M. Bacon devait prendre le "Titanic"
M. Bacon, ambassadeur des Etats-Unis à Paris, qui rentre à New-York, avait tout d'abord l'intention de prendre passage à bord du Titanic, mais il changea ses plans au dernier moment et s'embarquera sur la France, qui doit quitter le Havre ïe 20 avril.
Une ville flottante

Jusqu'en avril ou mai 1913, le Titanic devait être le plus grand paquebot du inonde, puisque l'lmperator, de la Hamburg Amerika, qui déplacera 50.000 tonnes, ne sera mis en service qu'à cette époque.
L'immense transatlantique mesurait exactement 268 mètres de longueur, 28 m. 192 de large et 29 m. 666 de profondeur. Il jaugeait 46.382 tonnes et il avait coûté 46 millions de francs.
De la quille au sommet des cheminées, le Titanic avait 53 mètres. Il comprenait dix étages de pont, à savoir, de bas en haut : le faux pont inférieur, le faux pont, le pont inférieur, le pont moyen, le pont supérieur, le pont des salons, le pont abri, le pont passerelle, le pont promenade et le pont des embarcations.

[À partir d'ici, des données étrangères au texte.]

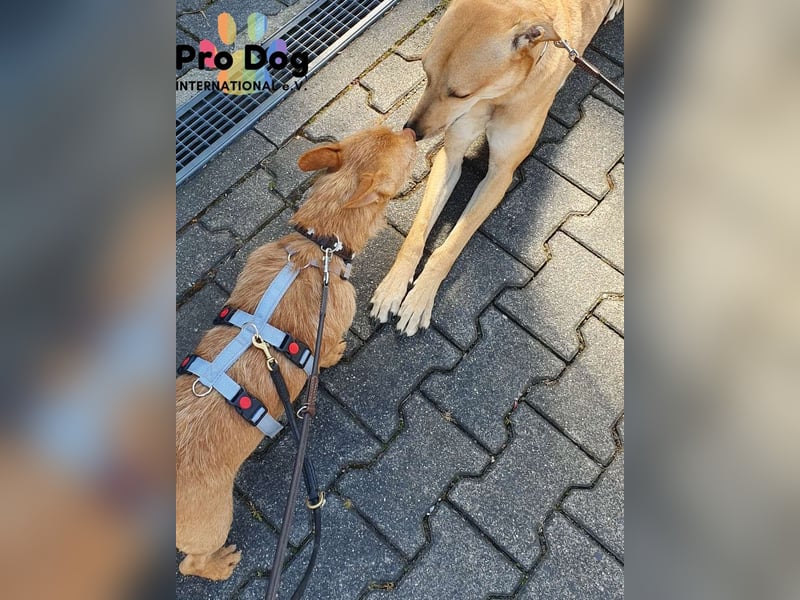 Greta auf Pflegestelle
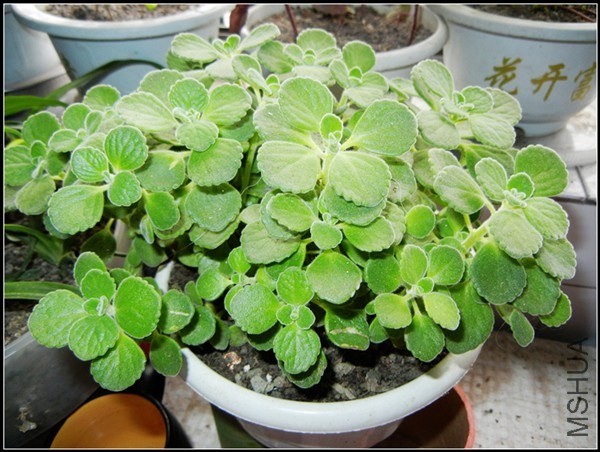 ��ɫֲ�� 175.jpg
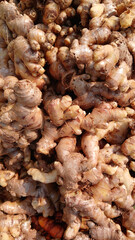 Closeup view of Ginger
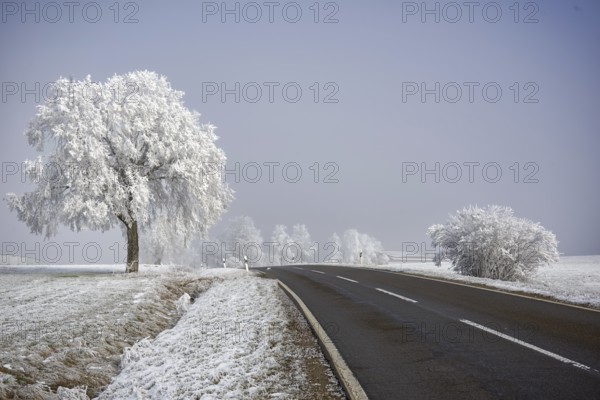 Country road with frost trees in Upper Swabia, Baden-Württemberg, Germany, Europe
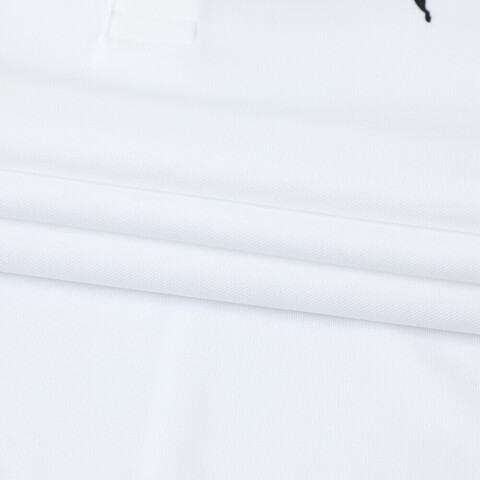 puma彪马2025男子男子-PERFORMANCE POLO-彪马白梭织有领短T52869902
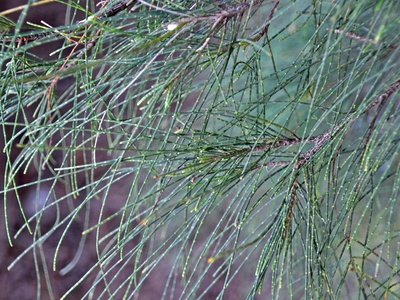 Casuarina (Australian pine)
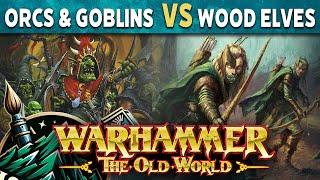 Orcs & Goblins vs Wood Elves - The Wold World Live Battle Report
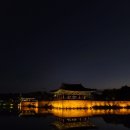 세븐일레븐 양지포레스토리점 | [국내 여행] 1박2일 경주 여행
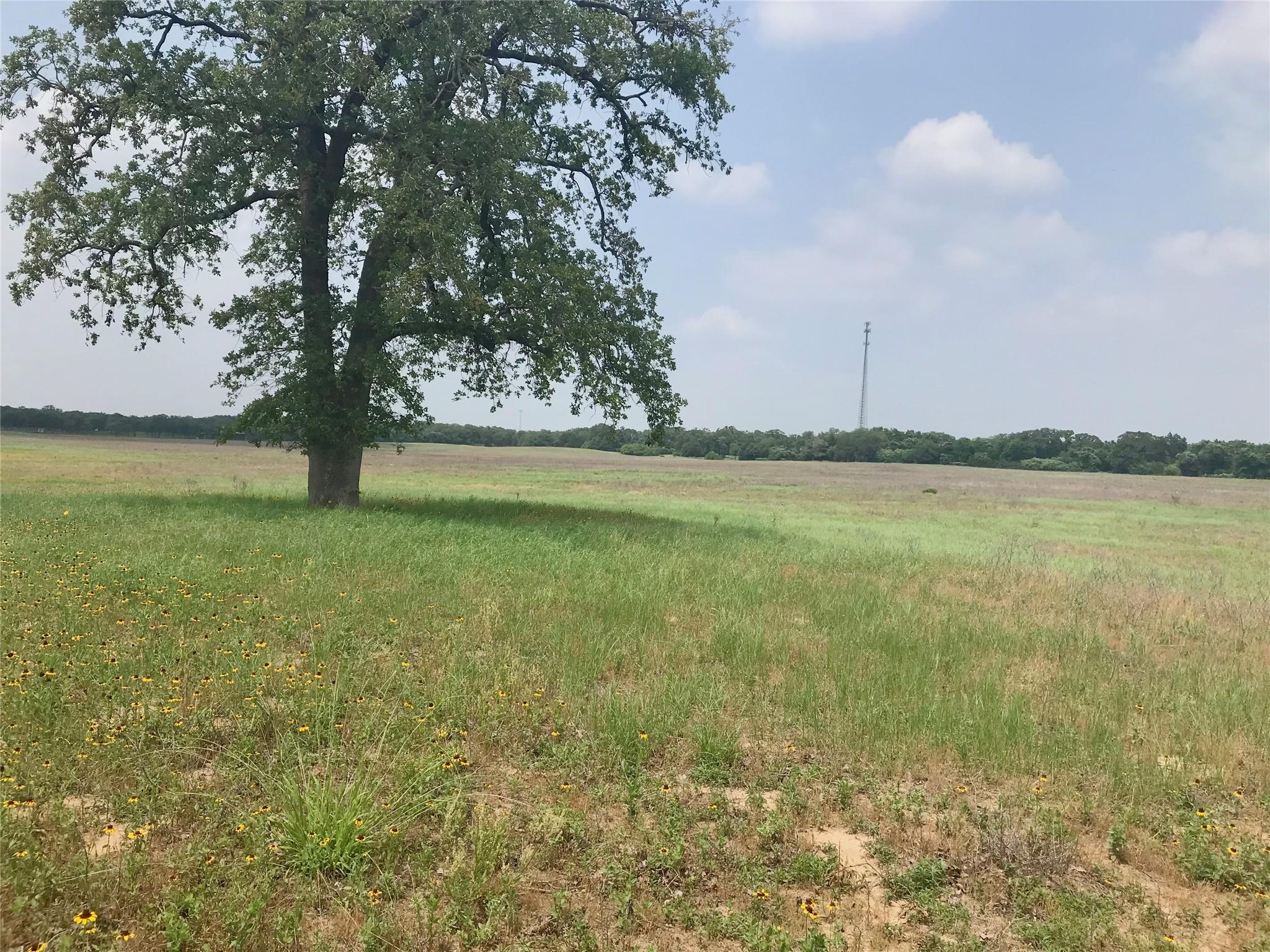 1672 Sayers Rd # Tract 1, Bastrop, TX 78602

Le gouvernail pesait 101.250 kilos et la plus grosse ancre 15.740 kilos.
L'installation du paquebot dépassait en luxe tout ce qui a été réalisé jusqu'ici. C'était le véritable navire pour millionnaire. La grande salle à manger des premières pouvait contenir plus de 500 personnes. Salons de réception, de lecture, fumoir, véranda, escaliers monumentaux avec ascenseurs, piscine, hammam, salles d'exercices, rien n'était épargné pour faire oublier aux riches passagers les ennuis de la traversée.
L'aménagement des cabines de luxe atteignait des proportions incroyables, et c'est ainsi que le prix d'un appartement de grand luxe pour un seul voyage s'élevait à 22.150 francs.
Pour une seule traversée, il fallait embarquer des approvisionnements considérables : 35.000 livres de viande fraîche, 25.000 livres de volaille, 35.000 œufs, 5 tonnes de sucre, 250 barils de farine, 150.000 bouteilles de bière, 20.000 bouteilles de vin, etc.
La population du paquebot
La population du Titanic pouvait atteindre 3.150 habitants se répartissant ainsi : passagers de 1ere classe, 325 ; 2e classe, 275 ; 3e classe, 1.200 ; hommes d'équipage, 800.
Pour son premier voyage, le Titanic emmenait 2.490 passagers et matelots.
Il y avait 140 passagères en première, 109 en seconde et 500 en troisième, soit un total de 749 femmes et enfants.
Or, jusqu'ici, le chiffre des sauvés est de 868. Et comme il est de règle, d'embarquer en premier lieu les femmes et les enfants, il faut donc admettre — les télégrammes reçus jusqu'ici semblent devoir confirmer cette hypothèse — qu'il y a fort peu d'hommes parmi les rescapés.
Dans le cas où un de ces transatlantiques coule avant qu'on ait pu lui porter secours. — et c'est hélas ! ce qui s'est produit pour le Titanic — les deux tiers des passagers sont donc voués à la mort.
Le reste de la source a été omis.